(WORKING DATA begins)
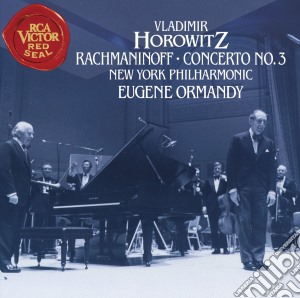 Sergej Rachmaninov - Concerto No. 3 cd musicale di Vladimir Horowitz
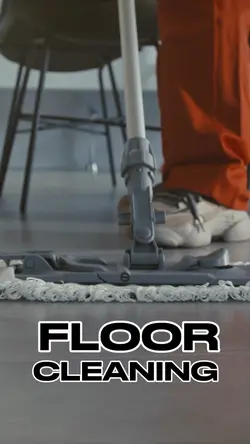 Floor Cleaning 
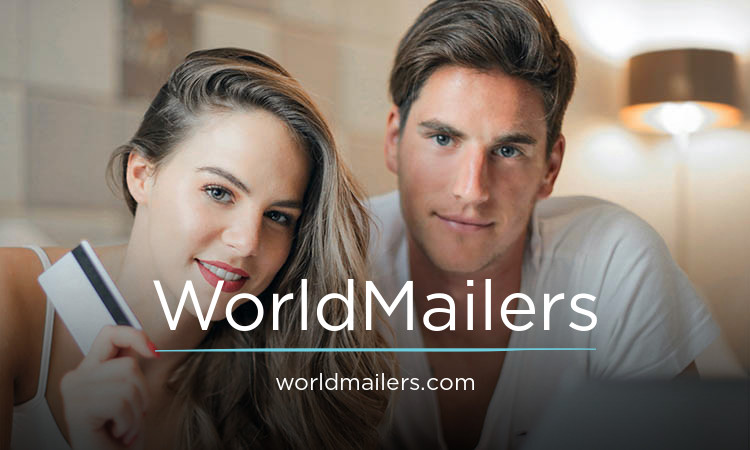 WorldMailers logo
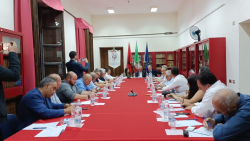 Successo per il Commissario della Fondazione arb&euml;reshe, Ernesto Madeo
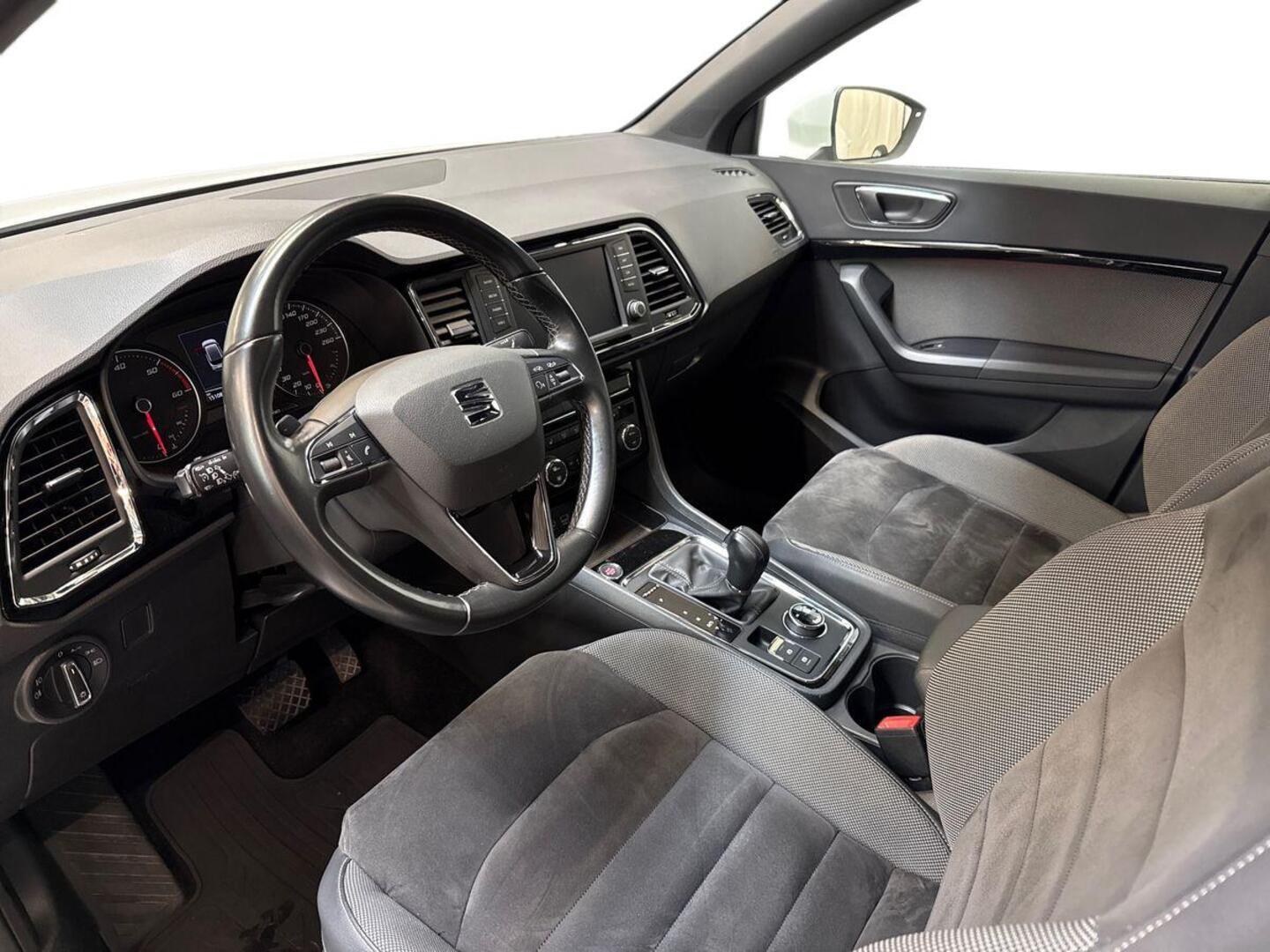 SEAT Ateca 2018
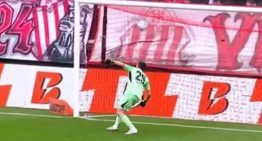 Rodrigo Insua y un golazo de otro partido: zapatazo de 35 metros para la victoria de Barracas que complica a Boca de cara a la Copa Rodrigo Insua y un golazo de otro partido: zapatazo de 35 metros para la victoria de Barracas que complica a Boca de cara a la Copa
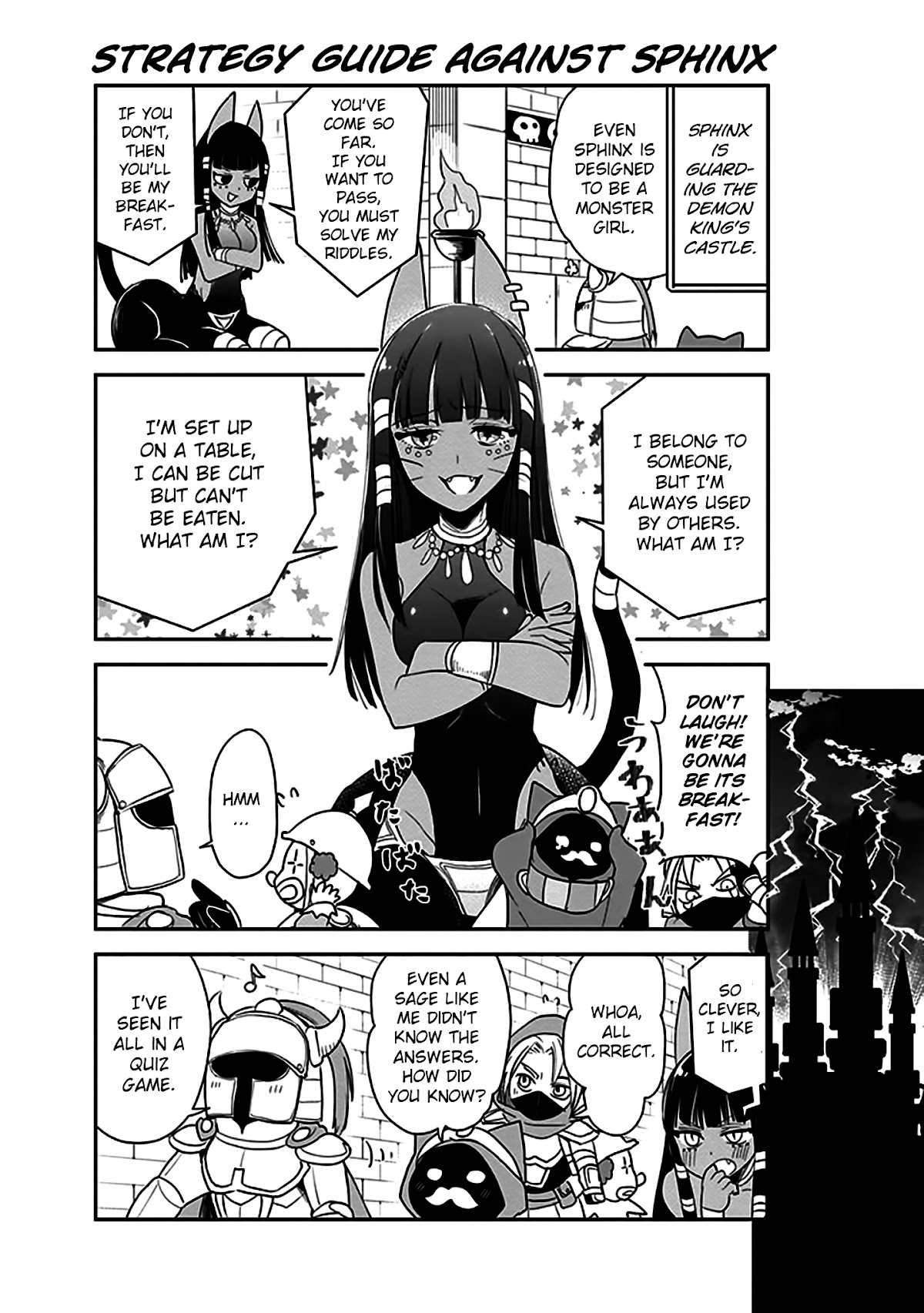 Anata no Danna Uwaki Shitemasu yo Chapter 4 - Page 9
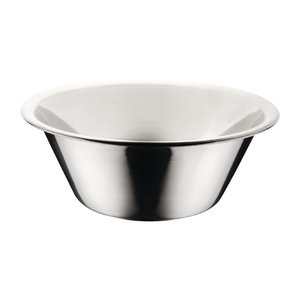 Vogue Stainless Steel Kitchen Bowl 2 L, ø 241 mm Vogue Stainless Steel Kitchen Bowl 2 L, ø 241 mm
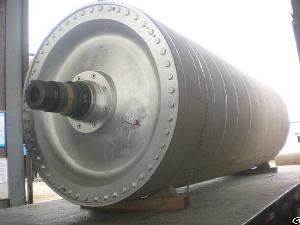Dryer Cylinder And Accessories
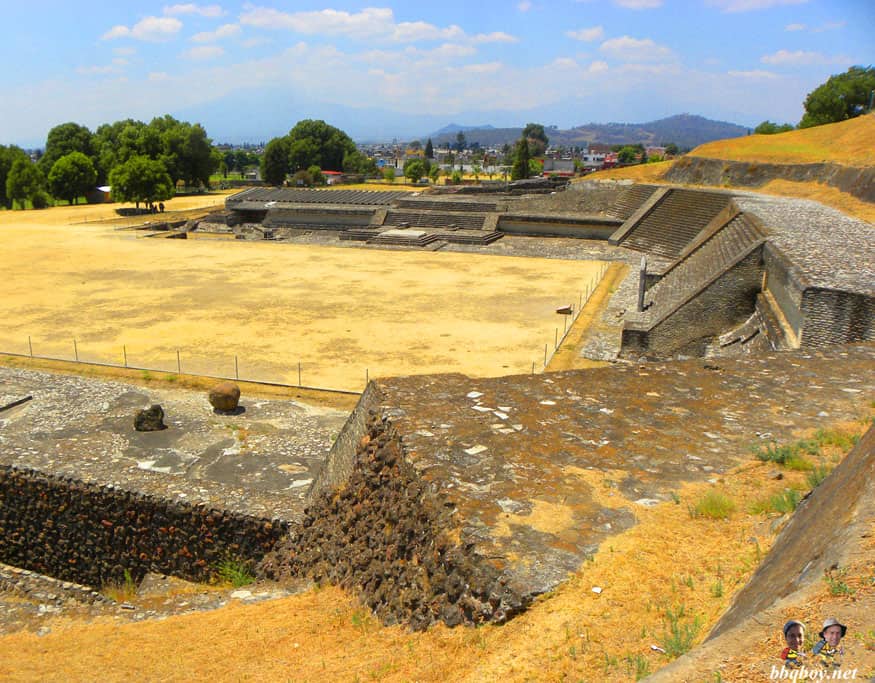 The History And Highlights Of Cholula, Mexico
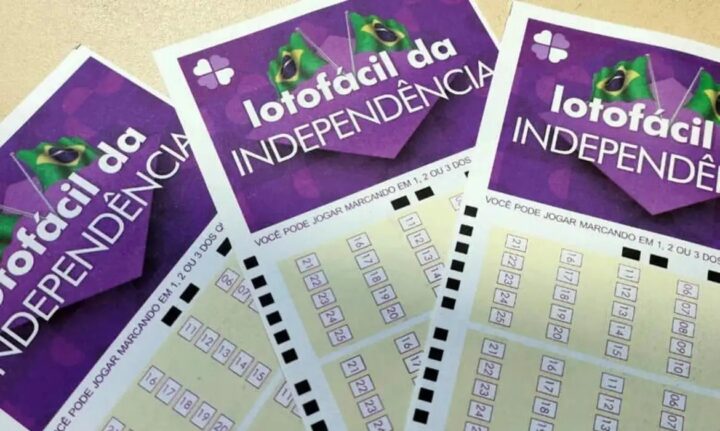Lotofácil da Independência terá prêmio de R$ 300 milhões; saiba como e até quando apostar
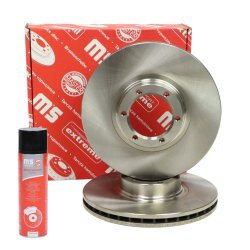 Brake Disc + Cleaner MASTER-SPORT 24012401031-SET-MSP OE Ref 4403283 MASTER SPORT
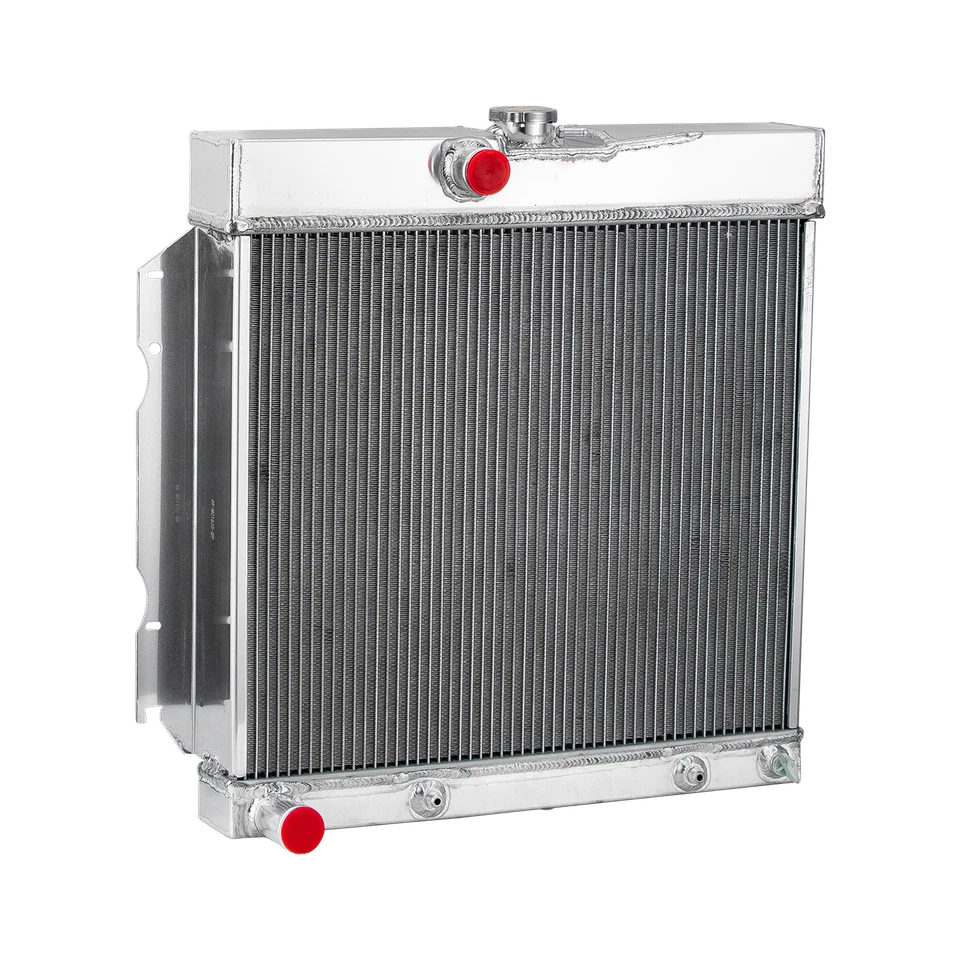 3Row Radiator Shroud Fan fit 63-1969,64 PLYMOUTH BELVEDERE Dodge Charger CORONET - Image 3 of 4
(WORKING DATA ends)
WORK TO BE COMPLETED = Starting from the line that contains "Successo per il", transcribe exactly each line down to the final line of the material above, excluding every picture and adding nothing else.

RESULT OF THIS EXERCISE =
 Successo per il Commissario della Fondazione arb&euml;reshe, Ernesto Madeo
 SEAT Ateca 2018
 Rodrigo Insua y un golazo de otro partido: zapatazo de 35 metros para la victoria de Barracas que complica a Boca de cara a la Copa Rodrigo Insua y un golazo de otro partido: zapatazo de 35 metros para la victoria de Barracas que complica a Boca de cara a la Copa
 Anata no Danna Uwaki Shitemasu yo Chapter 4 - Page 9
 Vogue Stainless Steel Kitchen Bowl 2 L, ø 241 mm Vogue Stainless Steel Kitchen Bowl 2 L, ø 241 mm
Dryer Cylinder And Accessories
 The History And Highlights Of Cholula, Mexico
Lotofácil da Independência terá prêmio de R$ 300 milhões; saiba como e até quando apostar
 Brake Disc + Cleaner MASTER-SPORT 24012401031-SET-MSP OE Ref 4403283 MASTER SPORT
 3Row Radiator Shroud Fan fit 63-1969,64 PLYMOUTH BELVEDERE Dodge Charger CORONET - Image 3 of 4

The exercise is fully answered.